To do the actual uploading, we have a special user account solely for this purpose and then use a restricted access token.

DB Schema Testing

It’s quite difficult to be able to test the DB layer / schema as it [the underlying DB as opposed to the DB installation tool] is not an independent component. So to ensure that the DB schema itself is tested, we tend to rely on integration tests at the API layer to ensure the api + DB combination behaves as expected.

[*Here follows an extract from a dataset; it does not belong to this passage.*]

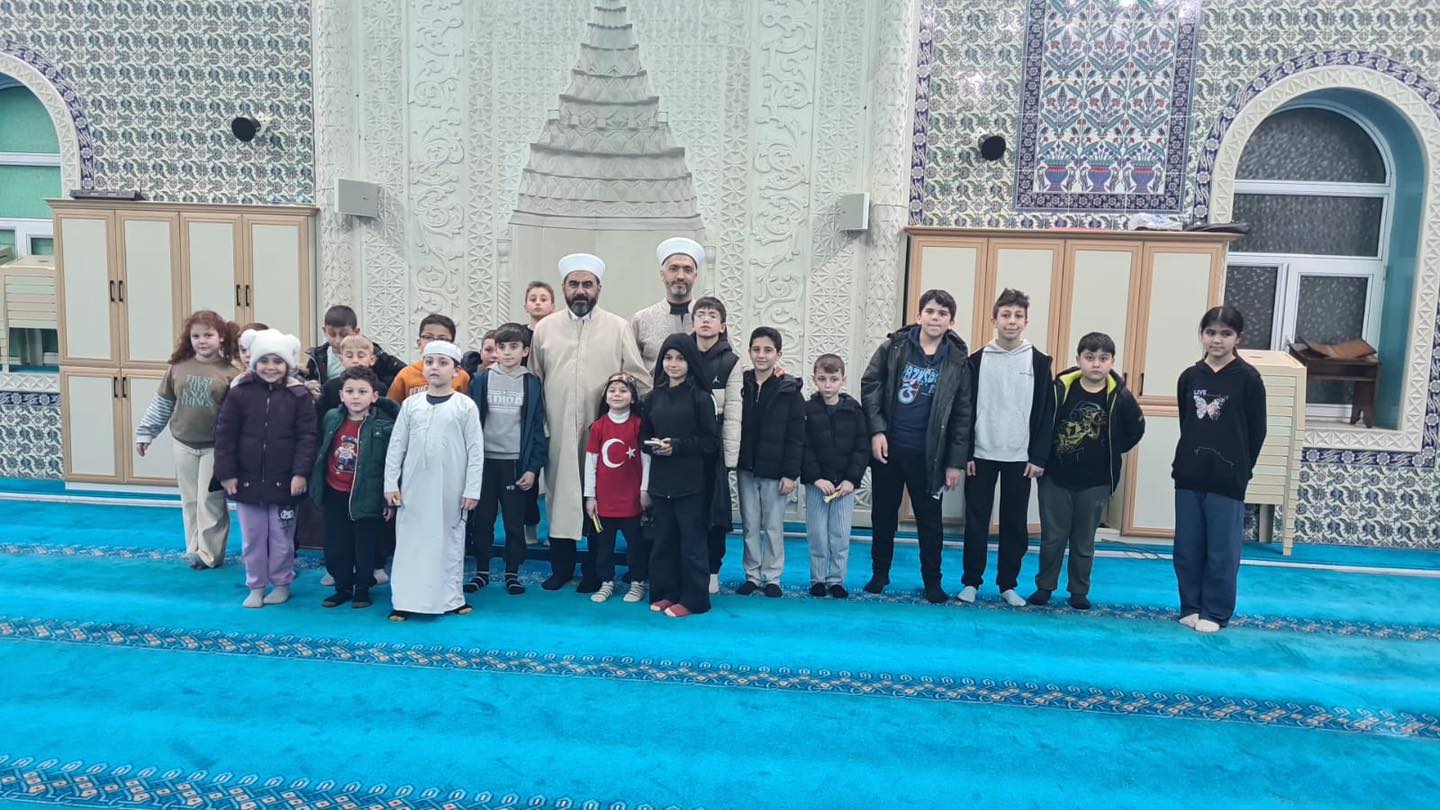 İl Müftüsü Çiçek Bostancı Camii’nde Cemaatle Buluştu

However, as the Conical docker image is capable of installing and updating the underlying DB schema, we have encapsulated that functionality into its own component which can be tested directly. The DB installation component is capable of performing multiple operations:

  1. Installing a fresh instance of the schema (including creating new users)
  2. Upgrading an existing schema to a newer schema

To test these, we have a PowerShell / linux script which does the following:

* Create a new docker network
* Spin up a Docker container with a new instance of SQL server

And then =>

New installations
-----------------
 * Create a new empty schema
 * run the installation tool against said schema (success criteria is no errors)

Existing installations
----------------------
 * Import a previous version of the DB schema into a new schema on that DB instance
 * run the upgrade tool against said schema (success criteria is no errors)

These tests can be run by a developer locally from the command line and are also run by our TeamCity infrastructure upon every DB related check-in. Note that these check-ins are normally based off adding new entries to the DB creation script and associated updating components.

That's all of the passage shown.